InnoDB API will transfer the input data to InnoDB engine(Table) as configured with innodb_api_bk_commit_interval, daemon_memcached_r_batch_size, daemon_memcached_w_batch_size system variables. And after that InnoDB API will write changes to binary log. But this is not happened on Cache-only mode. I modified MySQL code as memcached changes is also written to binary log but not apply that changes to InnoDB engine on Cache-only mode Memcached plugin. On original MySQL 5.6 Memcached plugin, dictionary table(innodb_memcache DB) and container table needs for Caching and Innodb-only cache mode not for Cache-only mode. But after modification dictionary table and container table is gotten to need for binary log writting. Of course we will not store memcached data to container table, but need it's template for binary log writting.
On slave side, SQL thread have to apply relay log gotten by IO thread to MySQL Memcached plugin NOT InnoDB tables. But on original MySQL replication, SQL thread directly access InnoDB API not Memcached. I need a way to access to Memcached plugin. I implemented it as SQL thread bring up another memcached client (using libmemcached client library). I can use Non-blocking mode mode with libmemcached client library for fast relay log applying. Actually in original MySQL 5.6, libmemcached.so shared library also exist on your $MYSQL_HOME/lib/plugin, So I renamed it as "libmemcachedserver.so" so that install libmemcached RPM separately on the same system.
Repication SQL thread act as Memcached client have to run as fast as possible, so modified SQL thread's memcached client connect to Memcached socket file rather than 11211 TCP port. And worked as Non-blocking mode for fast replication. Actually SQL thread will apply relay log event as sync-mode on every 100th request so that slave can check replication apply error.

Another modifications

Originally, Memcached plugin never open both of TCP port and Unix domain socket at the same time, But I need both channel.
Copy Memcached plugin's status metric to MySQL server's status variables so that we can monitor memcached status with MySQL monitoring tool.InnoDB master thread will copy memcached status metrics to MySQL status variables every second.

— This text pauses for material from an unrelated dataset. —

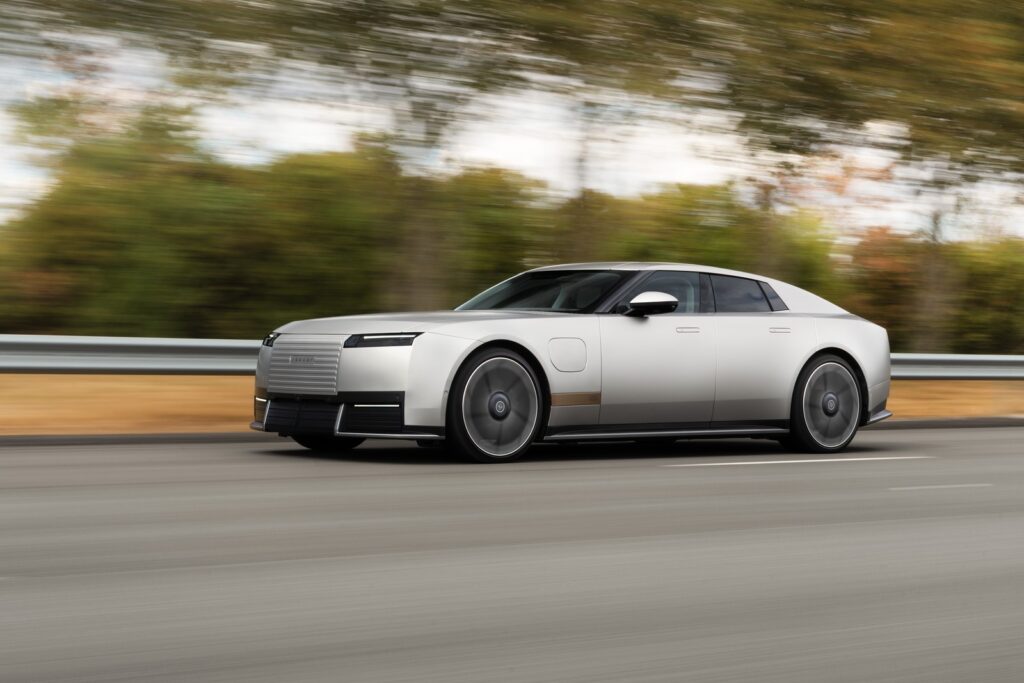 Jaguar Type 01 electric GT, photo 1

mysql> show global status like '%kmc%';
+----------------------------------+--------------+
| Variable_name | Value |
+----------------------------------+--------------+
| Innodb_kmc_connection_structures | 2004 |
| Innodb_kmc_curr_connections | 2002 |
| Innodb_kmc_curr_items | 70638969 |
| Innodb_kmc_pointer_size | 64 |
| Innodb_kmc_threads | 8 |
| Innodb_kmc_total_connections | 5090 |
| Innodb_kmc_total_items | 778120599 |
| Innodb_kmc_bytes | 18648687816 |
| Innodb_kmc_bytes_read | 460650586044 |
| Innodb_kmc_bytes_written | 497924594841 |
| Innodb_kmc_cmd_get | 7781206118 |
| Innodb_kmc_cmd_set | 778120599 |
| Innodb_kmc_evictions | 498675673 |
| Innodb_kmc_get_hits | 1043938514 |
| Innodb_kmc_get_misses | 6737267604 |
| Innodb_kmc_limit_maxbytes | 21474836480 |
+----------------------------------+--------------+

Fix related memory leak of MySQL 5.6.14 and expiration time bug of Memcached plugin.
Remove every file sync call for fast processing (if possible).
Add expire_max_log_files system variables so that we can control total binary logs' size by file count.(This features only use binary log file's suffix number, so if you use frequent "PURGE LOGS" or other commands which switch binary log file, expire_max_log_files system variables will not work as expected)
Add Binlog_purge_failed system status variable for monitoring binary log purge

0 : Okay
1 : Set when MySQL server attempt to remove ACTIVE state binary log.
2 : SET when MySQL server attempt to remove USE state binary log.

Add kmc_connect_string system variable so that you can change how SQL thread connect to it's local memcached plugin. You can change it whenever you want because it is dynamic variable. But You have to "STOP/START SLAVE" for applying change.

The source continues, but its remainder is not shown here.